The relative importance of nitrogen (N) and phosphorus (P) limitation for growth and biomass accumulation in an estuarine population of eelgrass (Zostera marina L.) was examined by in situ additions of nitrogen (+N), phosphorus (+P) and nitrogen plus phosphorus (+N+P) to sediments at low and high loading rates. Nitrogen treatments resulted in no significant increases in leaf tissue N levels and only a small increase in the N content of root plus rhizome tissues. Phosphorus concentrations were, however, significantly (P < 0.05) higher in both leaf and root plus rhizome tissues with +P and +N+P enrichment.
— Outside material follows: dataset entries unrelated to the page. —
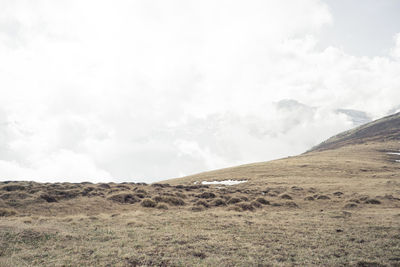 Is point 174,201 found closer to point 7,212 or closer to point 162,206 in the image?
point 162,206

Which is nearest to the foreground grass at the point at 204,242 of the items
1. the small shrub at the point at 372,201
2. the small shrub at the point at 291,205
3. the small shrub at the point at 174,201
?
the small shrub at the point at 291,205

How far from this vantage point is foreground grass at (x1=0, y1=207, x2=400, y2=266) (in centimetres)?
1144

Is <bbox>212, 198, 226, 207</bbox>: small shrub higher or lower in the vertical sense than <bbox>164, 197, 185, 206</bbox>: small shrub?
lower

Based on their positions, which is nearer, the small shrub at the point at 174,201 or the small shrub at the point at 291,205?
the small shrub at the point at 291,205

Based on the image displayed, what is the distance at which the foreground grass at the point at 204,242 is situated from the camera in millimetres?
11438

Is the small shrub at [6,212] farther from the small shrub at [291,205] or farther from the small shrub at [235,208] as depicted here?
the small shrub at [291,205]

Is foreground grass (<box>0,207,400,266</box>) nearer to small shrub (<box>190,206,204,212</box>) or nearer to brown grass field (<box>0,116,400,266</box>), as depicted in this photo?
brown grass field (<box>0,116,400,266</box>)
Eelgrass growth and biomass exhibited statistically significant (P < 0.05) increases in response to high +P. Similar increases in mean plant growth and biomass were observed with +N and +N+P enrichment, but large variabilities rendered these responses nonsignificant. Our results are in contrast with those reported for a previous sediment fertilization (+N+P) study at the same site and we attribute this difference to a change in the nutrient status of the study area. Comparison with other sediment fertilization experiments for both freshwater and marine plant species revealed a clear relationship between relative plant growth rates and tissue nutrient concentrations for both N and P enrichment. This relationship suggests a uniformity of submersed plant nutrition, wherein responses to changes in nutrient availability are regulated by alterations in both growth rates and tissue nutrient content.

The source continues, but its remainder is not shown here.